:: Source material

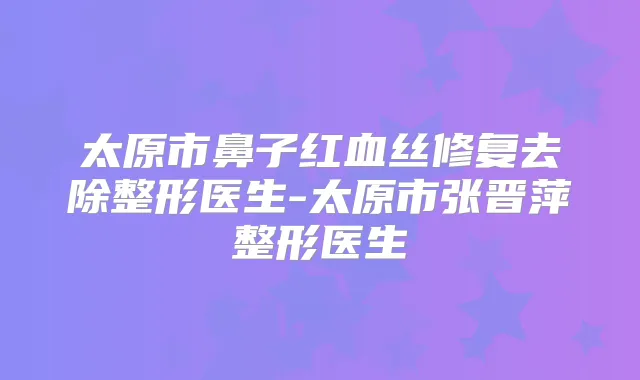 太原市鼻子红血丝修复去除整形医生-太原市张晋萍整形医生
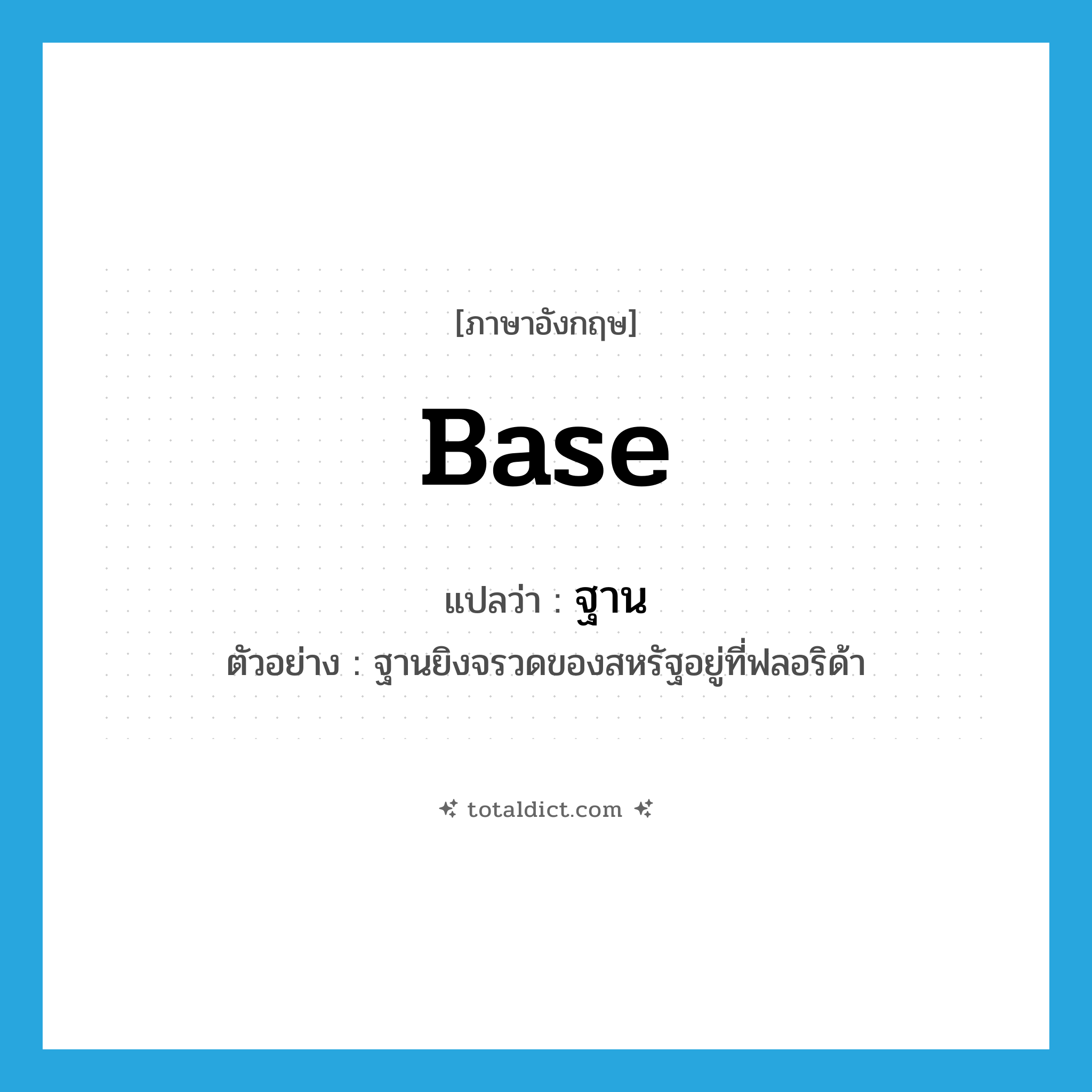 base แปลว่า?, คำศัพท์ภาษาอังกฤษ base แปลว่า ฐาน ประเภท N ตัวอย่าง ฐานยิงจรวดของสหรัฐอยู่ที่ฟลอริด้า หมวด N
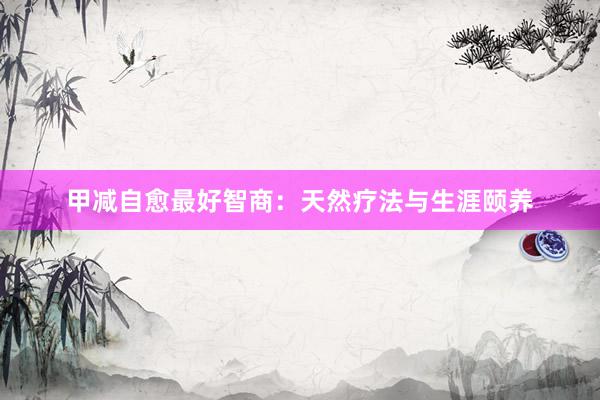 甲减自愈最好智商：天然疗法与生涯颐养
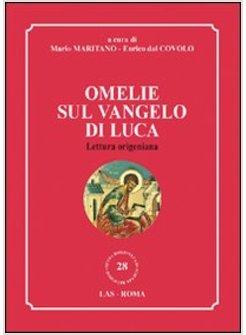 OMELIE SUL VANGELO DI LUCA. LETTURA ORIGENIANA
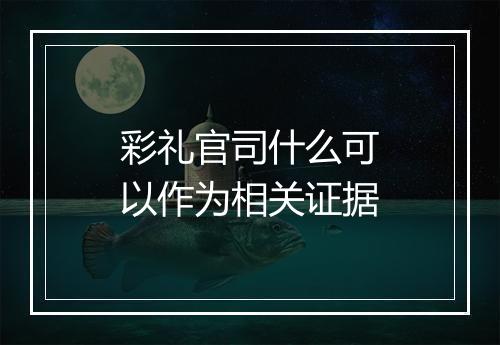 彩礼官司什么可以作为相关证据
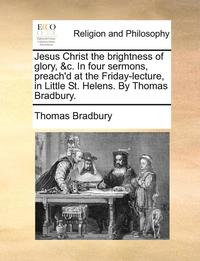bokomslag Jesus Christ the Brightness of Glory, &C. in Four Sermons, Preach'd at the Friday-Lecture, in Little St. Helens. by Thomas Bradbury.
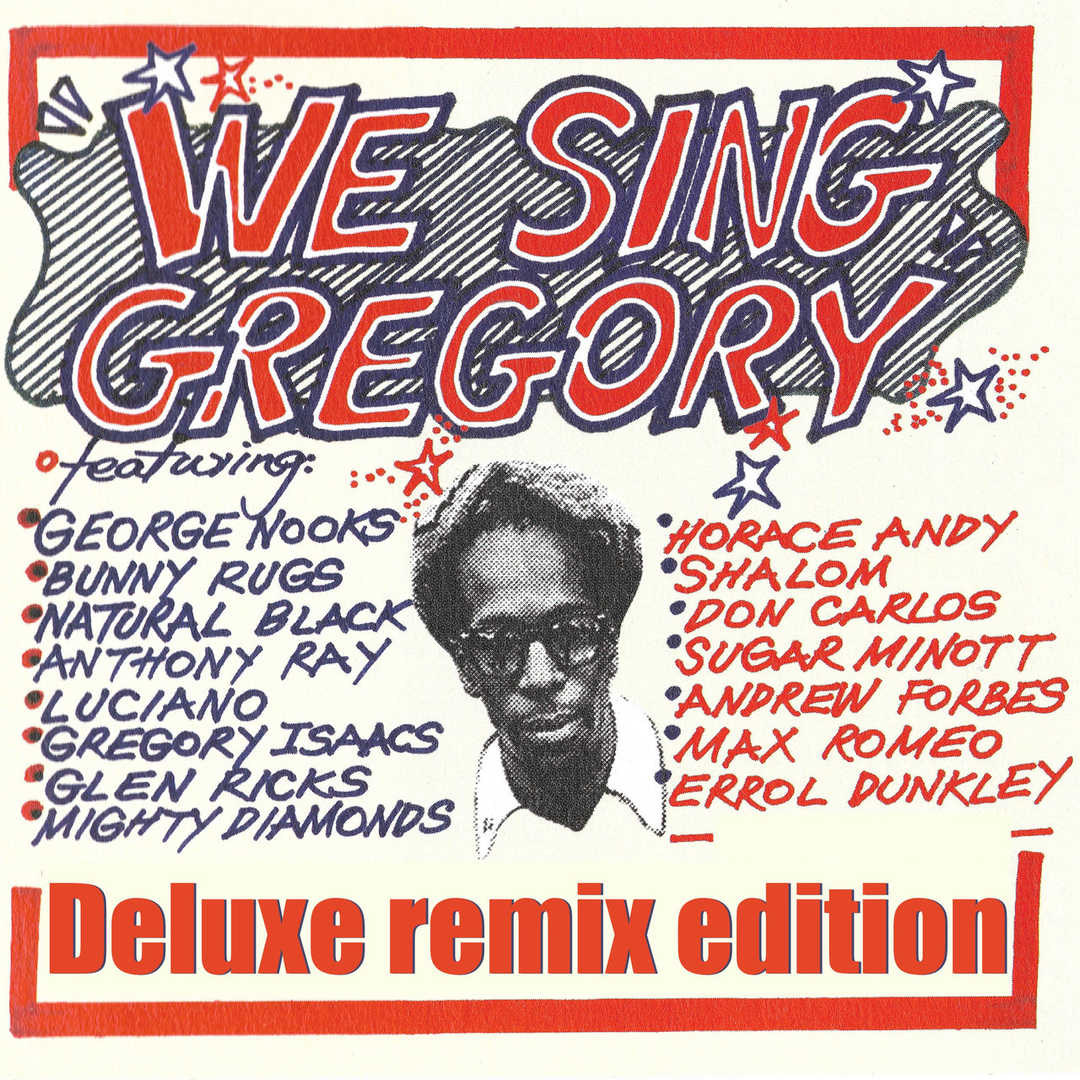 We Sing Gregory (Deluxe Remix Edition) [2018]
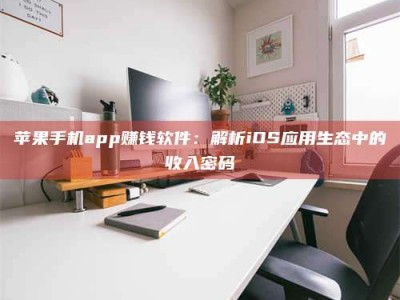 晋江苹果手机app赚钱软件：解析iOS应用生态中的收入密码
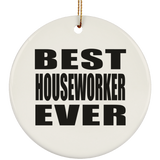 Best Houseworker Ever - Circle Ornament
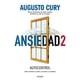 thumbnail image 1 of Ansiedad 2. Cómo controlar el estrés y mantener el equilibrio Océano AUGUSTO CURY, 1 of 2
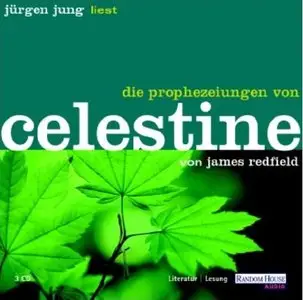 James Redfield - Die Prophezeiungen von Celestine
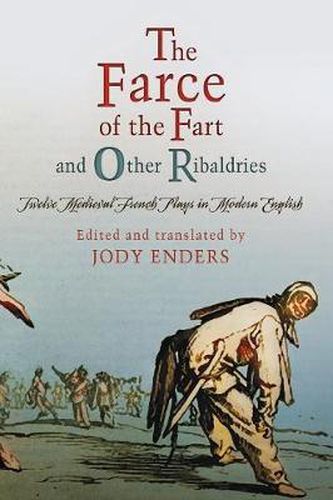 Cover image for The Farce of the Fart  and Other Ribaldries: Twelve Medieval French Plays in Modern English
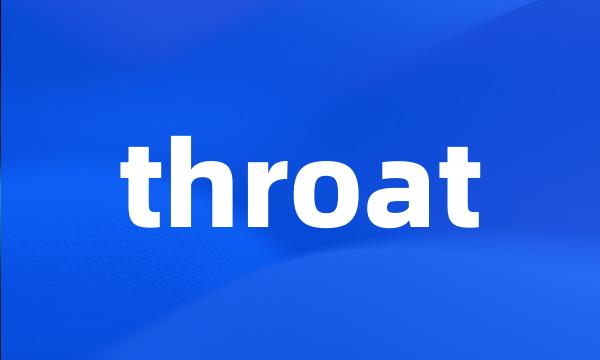 throat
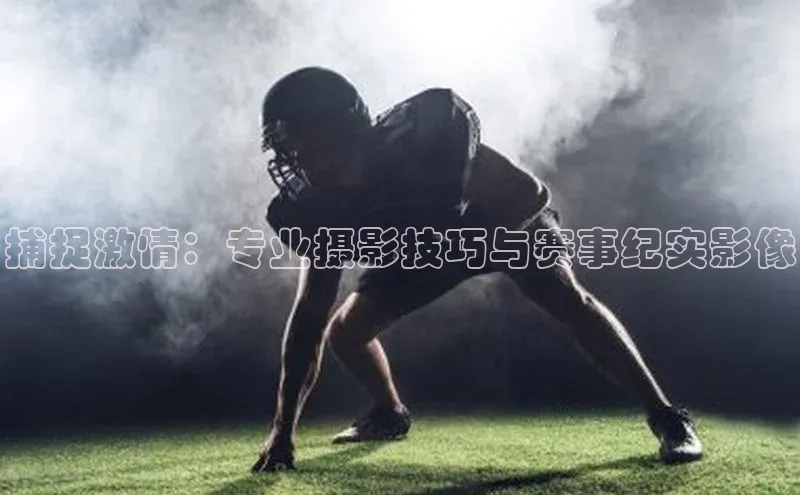 捕捉激情：专业摄影技巧与赛事纪实影像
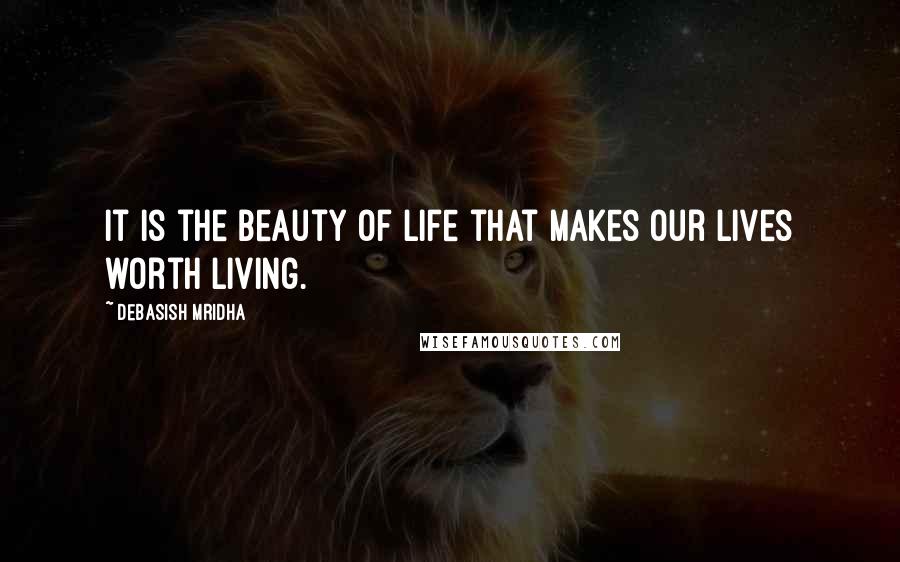 Debasish Mridha Quotes: It is the beauty of life that makes our lives worth living.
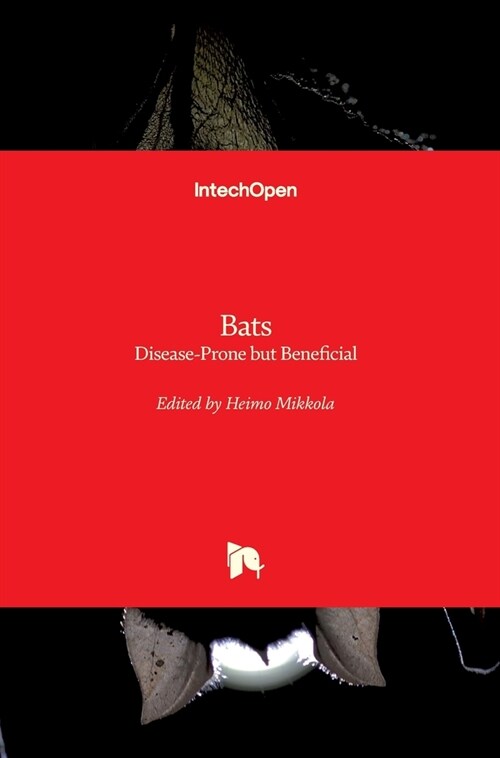 Bats : Disease-Prone but Beneficial (Hardcover)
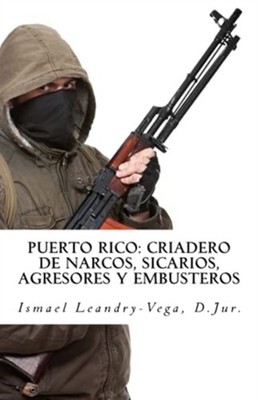 Leandry-Vega - Puerto Rico  criadero de narcos sicarios agresores y  - X555z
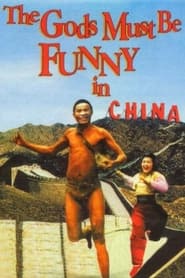 The Gods Must Be Funny in China' Poster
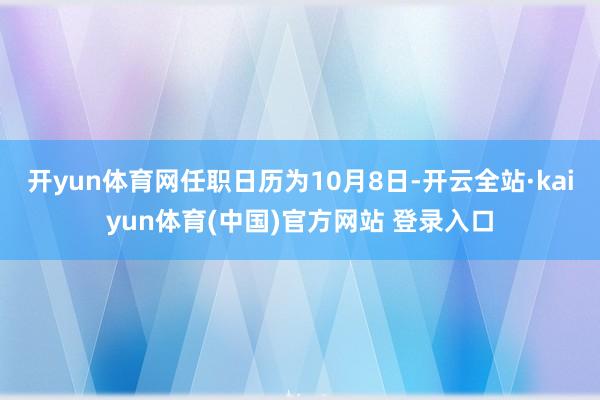 开yun体育网任职日历为10月8日-开云全站·kaiyun体育(中国)官方网站 登录入口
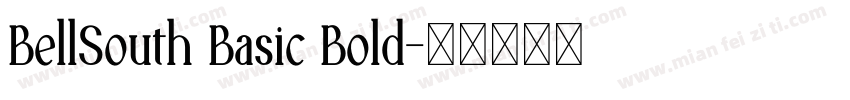 BellSouth Basic Bold字体转换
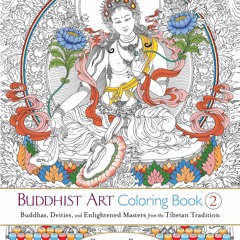 ❤PDF⚡ Buddhist Art Coloring Book 2: Buddhas, Deities, and Enlightened Masters fr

::::

Your instructions
If a picture appears among the records, leave it out, and otherwise reproduce exactly every line from the first line through the one with "thumbnail image 1", both included.

Exercise response
 太原市鼻子红血丝修复去除整形医生-太原市张晋萍整形医生
 base แปลว่า?, คำศัพท์ภาษาอังกฤษ base แปลว่า ฐาน ประเภท N ตัวอย่าง ฐานยิงจรวดของสหรัฐอยู่ที่ฟลอริด้า หมวด N
 甲减自愈最好智商：天然疗法与生涯颐养
 OMELIE SUL VANGELO DI LUCA. LETTURA ORIGENIANA
 彩礼官司什么可以作为相关证据
bokomslag Jesus Christ the Brightness of Glory, &C. in Four Sermons, Preach'd at the Friday-Lecture, in Little St. Helens. by Thomas Bradbury.
 We Sing Gregory (Deluxe Remix Edition) [2018]
 晋江苹果手机app赚钱软件：解析iOS应用生态中的收入密码
 Best Houseworker Ever - Circle Ornament
 thumbnail image 1 of Ansiedad 2. Cómo controlar el estrés y mantener el equilibrio Océano AUGUSTO CURY, 1 of 2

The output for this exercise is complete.